Está situada en una pequeña localidad de las afueras de Madrid, y la cercanía a la ciudad marca sin duda su decoración. Porque esta casa impecablemente decorada proclama su tradición urbana a voces. Su propietaria señala que la compró tal cual, porque los dueños anteriores se habían encargado de reformarla y de poner al día algunas deficiencias propias del paso de los años. Pero ella se calla una intervención suya muy decisiva, que fue ampliar espectacularmente ventanas y cristaleras. Un cambio con premio para cada uno de los días, porque la luz entra como loca en los espacios interiores y les da vida y alegría. No solo eso, sino que al hacerse las paredes transparentes, el verde del césped, de árboles y arbustos se acerca, queda al alcance de la vista, y casi de las manos, y se disfruta a fondo el vivir fuera de la ciudad. Una decisión estructural acertadísima a la que se añade una decoración milimétricamente armónica y contrapesada.

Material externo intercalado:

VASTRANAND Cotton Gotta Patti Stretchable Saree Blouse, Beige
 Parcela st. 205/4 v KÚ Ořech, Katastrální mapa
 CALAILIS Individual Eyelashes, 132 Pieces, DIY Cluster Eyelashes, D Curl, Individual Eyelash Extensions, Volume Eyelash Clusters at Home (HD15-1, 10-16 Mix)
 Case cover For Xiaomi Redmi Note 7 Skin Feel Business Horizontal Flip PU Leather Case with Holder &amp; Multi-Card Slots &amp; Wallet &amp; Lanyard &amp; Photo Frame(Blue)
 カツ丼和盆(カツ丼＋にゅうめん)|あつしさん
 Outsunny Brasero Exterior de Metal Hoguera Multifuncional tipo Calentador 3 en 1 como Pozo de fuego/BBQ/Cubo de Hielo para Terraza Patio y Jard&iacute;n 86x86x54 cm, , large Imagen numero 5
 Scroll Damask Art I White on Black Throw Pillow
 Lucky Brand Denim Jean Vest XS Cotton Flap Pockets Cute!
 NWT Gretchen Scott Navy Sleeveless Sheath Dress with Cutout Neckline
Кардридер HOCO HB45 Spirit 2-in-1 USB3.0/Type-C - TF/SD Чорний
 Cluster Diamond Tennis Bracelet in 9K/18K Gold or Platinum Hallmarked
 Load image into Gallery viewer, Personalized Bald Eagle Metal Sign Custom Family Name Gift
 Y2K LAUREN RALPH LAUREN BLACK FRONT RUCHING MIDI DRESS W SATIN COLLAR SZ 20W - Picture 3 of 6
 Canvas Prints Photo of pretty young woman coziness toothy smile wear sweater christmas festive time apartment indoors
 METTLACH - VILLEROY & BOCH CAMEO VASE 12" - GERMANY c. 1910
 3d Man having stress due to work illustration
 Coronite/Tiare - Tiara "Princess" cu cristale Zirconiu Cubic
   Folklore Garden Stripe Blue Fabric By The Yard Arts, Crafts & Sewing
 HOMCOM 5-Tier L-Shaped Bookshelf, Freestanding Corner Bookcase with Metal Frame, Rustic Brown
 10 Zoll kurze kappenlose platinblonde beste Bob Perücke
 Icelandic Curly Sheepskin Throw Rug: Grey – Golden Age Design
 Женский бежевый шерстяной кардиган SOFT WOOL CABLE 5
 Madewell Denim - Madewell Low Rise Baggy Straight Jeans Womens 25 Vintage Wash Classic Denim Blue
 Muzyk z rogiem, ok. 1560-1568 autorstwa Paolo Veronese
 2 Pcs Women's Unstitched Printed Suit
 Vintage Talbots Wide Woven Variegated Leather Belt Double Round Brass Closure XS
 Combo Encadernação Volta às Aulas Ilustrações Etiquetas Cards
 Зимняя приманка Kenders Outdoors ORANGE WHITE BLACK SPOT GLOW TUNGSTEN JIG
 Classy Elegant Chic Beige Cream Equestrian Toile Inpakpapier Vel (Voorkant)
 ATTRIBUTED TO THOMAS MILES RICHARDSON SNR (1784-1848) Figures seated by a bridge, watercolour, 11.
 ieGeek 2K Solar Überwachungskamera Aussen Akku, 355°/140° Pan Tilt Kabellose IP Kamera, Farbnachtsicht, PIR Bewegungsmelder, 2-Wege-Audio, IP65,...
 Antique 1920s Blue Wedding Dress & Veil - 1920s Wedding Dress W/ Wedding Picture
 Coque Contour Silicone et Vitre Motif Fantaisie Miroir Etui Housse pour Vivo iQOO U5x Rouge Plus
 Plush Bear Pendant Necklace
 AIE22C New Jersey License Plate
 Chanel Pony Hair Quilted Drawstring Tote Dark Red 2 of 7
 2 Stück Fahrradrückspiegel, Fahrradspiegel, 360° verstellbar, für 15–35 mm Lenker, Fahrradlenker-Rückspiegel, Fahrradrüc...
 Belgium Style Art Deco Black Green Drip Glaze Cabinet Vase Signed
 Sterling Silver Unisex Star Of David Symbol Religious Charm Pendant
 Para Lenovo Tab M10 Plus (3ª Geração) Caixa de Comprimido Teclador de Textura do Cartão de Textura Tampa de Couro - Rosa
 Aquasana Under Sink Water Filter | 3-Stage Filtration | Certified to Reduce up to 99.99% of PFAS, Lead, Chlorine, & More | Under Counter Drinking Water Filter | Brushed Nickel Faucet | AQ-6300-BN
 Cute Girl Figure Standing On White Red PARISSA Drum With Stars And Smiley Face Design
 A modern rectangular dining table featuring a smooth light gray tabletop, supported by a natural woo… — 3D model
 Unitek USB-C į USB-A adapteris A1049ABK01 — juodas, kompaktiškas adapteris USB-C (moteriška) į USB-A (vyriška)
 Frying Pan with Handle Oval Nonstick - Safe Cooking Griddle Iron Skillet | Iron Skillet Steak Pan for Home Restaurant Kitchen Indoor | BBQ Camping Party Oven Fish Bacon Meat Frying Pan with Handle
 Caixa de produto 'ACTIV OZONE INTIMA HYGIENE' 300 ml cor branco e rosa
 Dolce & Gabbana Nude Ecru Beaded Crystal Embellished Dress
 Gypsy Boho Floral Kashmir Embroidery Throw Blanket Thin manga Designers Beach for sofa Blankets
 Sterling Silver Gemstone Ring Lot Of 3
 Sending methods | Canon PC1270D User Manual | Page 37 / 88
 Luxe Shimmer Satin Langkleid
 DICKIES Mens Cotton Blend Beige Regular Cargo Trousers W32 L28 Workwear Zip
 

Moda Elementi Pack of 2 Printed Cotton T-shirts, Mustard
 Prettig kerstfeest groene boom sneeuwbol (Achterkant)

Porque vamos a ver, el elemento que yo pienso básico en estos interiores es su perfecto equilibrio. Entre lo clásico y lo moderno (el tradicional chester y las actuales mesas de olmo: un ejemplo más que evidente). Entre las líneas redondas y las curvas (sirve el ejemplo anterior, pero añado: las butacas afrancesadas y el enorme sofá rectilíneo). Entre los colores suaves y los fuertes (las paredes en pálido beis y la tapicería morada). Y entre la delicadeza por un lado y la funcionalidad máxima por otro, y al mismo tiempo (la alfombra de seda del salón y el mobiliario a la última de la cocina, o la atmósfera refinada del dormitorio y la estricta modernidad del baño adjunto). Un equilibrio perfecto en el que todo encaja a la perfección como en un puzzle, donde nada chirría y donde todo forma parte de una composición de proporciones perfectas.